First, before connecting your Snowflake account with your DCN, you will be required to execute the script below in order to pre-configure the necessary user, role, database, warehouse, schema during the configuration of the new source.

Make sure to select the All Queries option when executing the script in Snowflake

We recommend that you define a unique and secure for the user_password field

-- create variables for user / password / role / warehouse / database (needs to be uppercase for objects)
set role_name = 'OPTABLE_ROLE';
set user_name = 'OPTABLE_USER';
set user_password = '*********';
set database_name = 'OPTABLE_DATABASE';
set warehouse_name = 'OPTABLE_WAREHOUSE';
set schema_name = 'OPTABLE_SCHEMA';

-- change role to securityadmin for user / role steps
use role securityadmin;
   
-- create role for optable
create role if not exists identifier($role_name);
grant role identifier($role_name) to role SYSADMIN;
   
-- create a user for optable
create user if not exists identifier($user_name)
password = $user_password
default_role = $role_name
default_warehouse = $warehouse_name;
 
grant role identifier($role_name) to user identifier($user_name);

-- change role to sysadmin for warehouse / database steps
use role sysadmin;

-- create database for optable
create database if not exists identifier($database_name);
use database identifier($database_name);

-- create a schema for optable
create schema if not exists identifier($schema_name);

-- access to database
grant usage
  on database identifier($database_name)
  to role identifier($role_name);

-- access to schema
grant usage
  on schema identifier($schema_name)
  to role identifier($role_name);
    
-- read-only rights on schema
grant select
  on all tables in schema identifier($schema_name)
  to role identifier($role_name);

-- create a warehouse for optable to perform SELECT operations
create warehouse if not exists identifier($warehouse_name)
  warehouse_size = xsmall
  warehouse_type = standard
  auto_suspend = 60
  auto_resume = true
  initially_suspended = true;
   
-- access to warehouse resources
grant usage
  on warehouse identifier($warehouse_name)
  to role identifier($role_name);

Organizing Your Data

In order for your view to be successfully ingested into your DCN, it must follow an established schema which is outlined within our Tabular Data Schema section.

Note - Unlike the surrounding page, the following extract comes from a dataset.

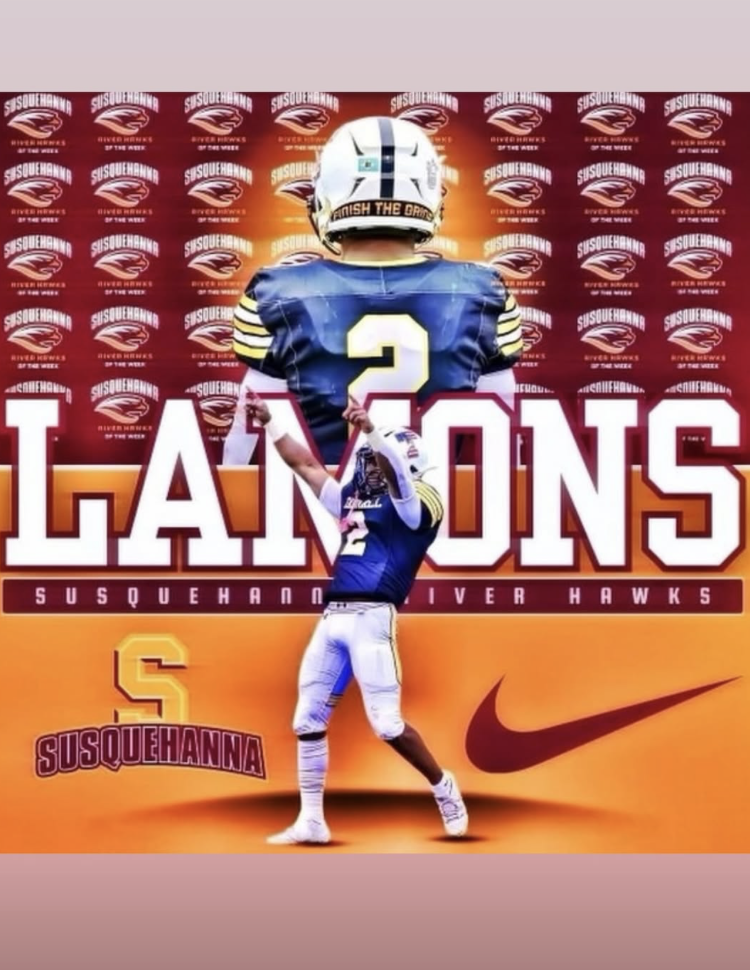 Celebrating football player in blue and white uniform with the number 2, in front of large text that reads "LAMONS" and 'Susquehanna River Hawks,' with a football helmet, logo, and Nike swoosh on an orange background.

Once the columns in the table or view follow the proper schema, you will be able to carry your first party data into your node from Snowflake once the connection is complete.

Adding a Snowflake Source via DCN UI

Once you have executed the script and ensured that the schema is properly formatted, you can add a new Snowflake source to your DCN in the Integrations section.

You can add Snowflake as a source via the following path Integrations > Sources > Add Source and proceed to the Snowflake source form.

There are fields which have a default value set and only need to be modified if required, the default values are the ones that were used in the script to set up your Snowflake account.

You must fill out the Account ID, Password and Table View sections in order to connect with your Snowflake account and point towards the right view within your database.

At the ingestion frequency section, you can schedule the time at which you would like your DCN to ingest new data. The options are Now, Once, Daily and Hourly. Once everything is set, you can click on save and the source will be added to your DCN. Once done, a test connection will be performed and the ingestion will occur according to the set schedule. You can also manually force an ingestion from the listing by clicking on ingest, and the process will begin right away.

There are several states that your Snowflake Source can have such as Active, Configured, Processing and Error.

Adding a Snowflake Source via CLI

You can also add a Source via the CLI command optable-cli source create snowflake <name> <account> <password> <table>, an example of what a created Snowflake Source would look like:

{
  "source":  {
    "id":  11,
    "name":  "snowman",
    "state":  "SOURCE_STATE_ACTIVE",
    "kind":  "SOURCE_KIND_SNOWFLAKE",
    "created_at":  "2022-03-08T19:29:38.726938Z",
    "updated_at":  "2022-03-08T19:33:07.938140Z",
    "snowflake":  {
      "account":  "your_account",
      "user":  "OPTABLE_USER",
      "database":  "OPTABLE_DATABASE",
      "schema":  "OPTABLE_SCHEMA",
      "warehouse":  "OPTABLE_WAREHOUSE",
      "role":  "OPTABLE_ROLE",
      "table":  "your_view",
    }
  }
}

Refer to Snowflake's documentation for details on how to determine your account ID.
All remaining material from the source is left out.